I don't like the racial thinking but may be C.S. Coon had a point when he stated in "Racial Adaptations" (1982):

" Dark, mesocephalic, tall race, Littoral or Atlanto-Mediterranean race, so styles because it is found in a pure or mixed state along the shores of the Mediterranean from Gibraltar to mouth of the Tibur, and on several points of the Atlantic coast, from the straits of Gibraltar to the mouth of the Guadalquivair, on the Bay of Biscay, in the lower valley of the Loire, ect. It is not met with anywhere at a greater distance that 120 or 150 miles from the sea. This Littoral race is still little studied; it is distinguished by its moderate dolichocephaly or mesocephaly (ceph. ind. on living subjects 79 to 80), by its stature above the average (im. 66), and very deep colouring of the hair and eyes.
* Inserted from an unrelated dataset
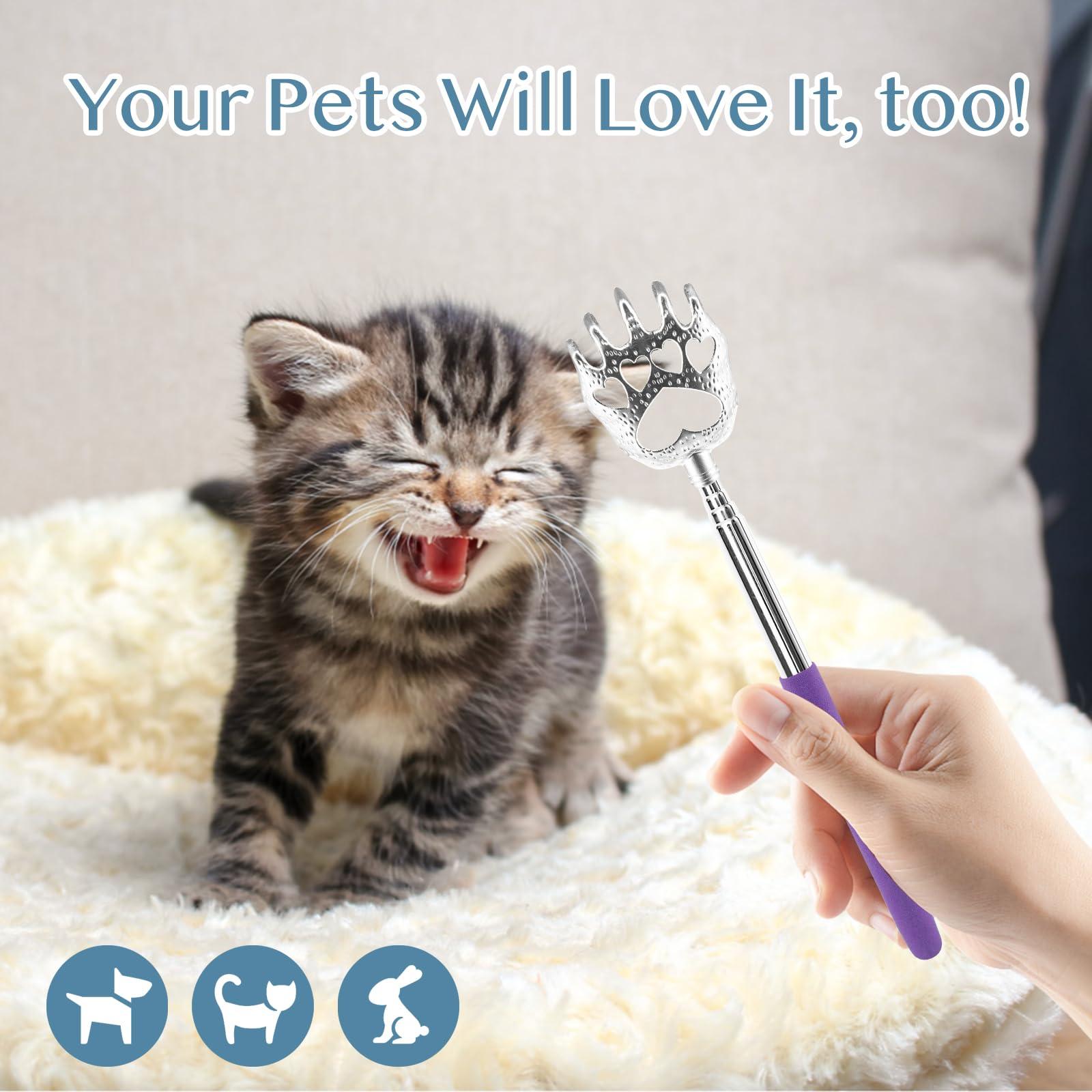 Plazuria (4-Pack) Plazuria Portable Extendable Telescopic Bear Claws Metal Back Scratchers/Hand Massager/Backslap with Rubber Handles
It corresponds pretty well with the "Mediterranean race" of Houze, and with the Cro-Magnon race of certain authors. It is probably with the Littoral race that we must connect a secondary so-called North-Western race, tall, sub-dolichocephalic, with chestnut hair, often almost brown. It found chiefly in a the north-west of Ireland(Fig. 93), in Wales(Fig. 19) and the east of Belgium." 

Any more idea's about this???

----------


## Northener

double posting sorry

----------


## Angela

Sorry I didn't respond earlier. I didn't see it.
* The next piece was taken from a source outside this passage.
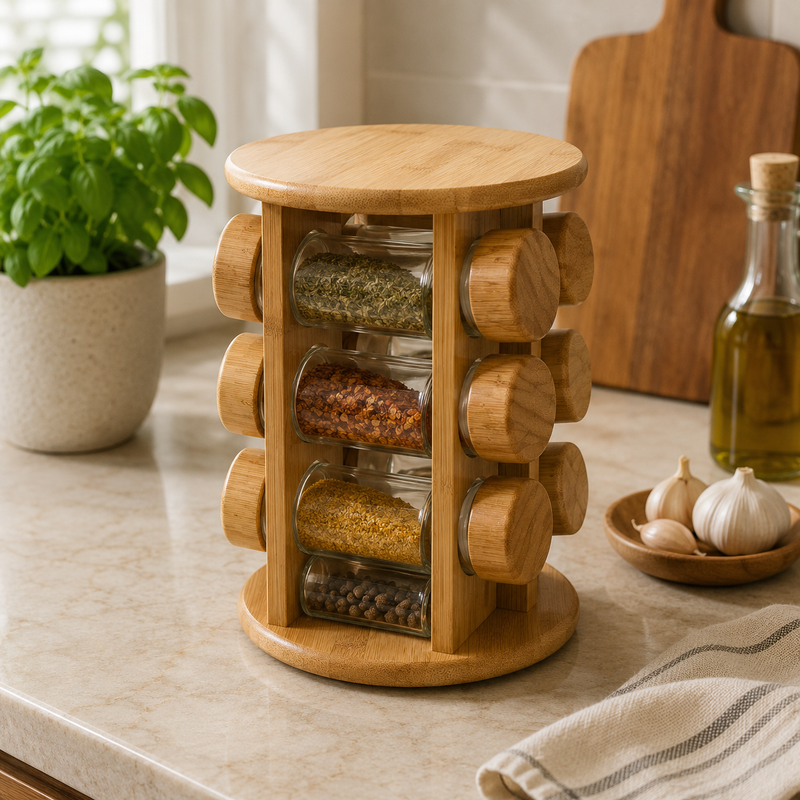 Porta Temperos Giratório | 12 Potes em Bambu Luxo para Cozinha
It's very hard to "guess" with older people. I'm afraid that things start to naturally "sag" a bit, and they put on weight, all of which obscures the bones of the face.

If I had guessed, I might have said southern German/Austrian first.

Please, I'm not a "specialist" in Italians...I've just lived among them and seen a lot of them over time, so I can sometimes spot them. :)

As far as similarities to older Italian men, yes there is some, but still different, I think. Here he is again.



Here is Pietro Grasso, who is an Italian politician from Sicily. He's less "Mediterranean" looking than many Italians, but he's still a bit different from your relative.



I'm trying to think of someone from my own area, but all the public people who come to mind still retain somewhat sharper features even in old age.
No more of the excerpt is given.